Work instructions ::
From the material below, retype exactly the lines that begin at the line with "Двигатель в сборе." and end after the line with "ABBA - Gracias"; pictures stay out of the copy.
Stored data Block Start
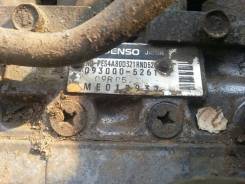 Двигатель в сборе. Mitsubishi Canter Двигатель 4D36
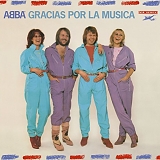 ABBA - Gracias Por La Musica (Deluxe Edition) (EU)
Stored data Block End
Stored data Block Start
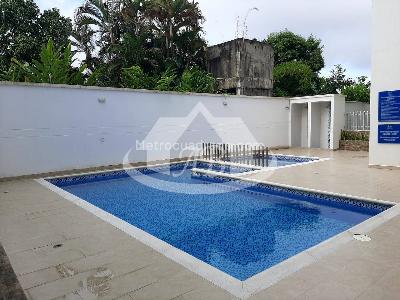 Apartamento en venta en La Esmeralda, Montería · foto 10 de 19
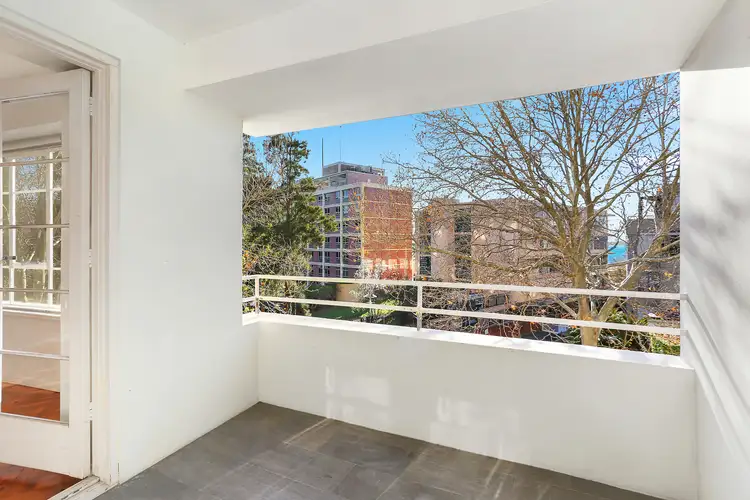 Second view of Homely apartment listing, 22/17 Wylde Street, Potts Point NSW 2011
Stored data Block End
Answer space ::
 Двигатель в сборе. Mitsubishi Canter Двигатель 4D36
 ABBA - Gracias Por La Musica (Deluxe Edition) (EU)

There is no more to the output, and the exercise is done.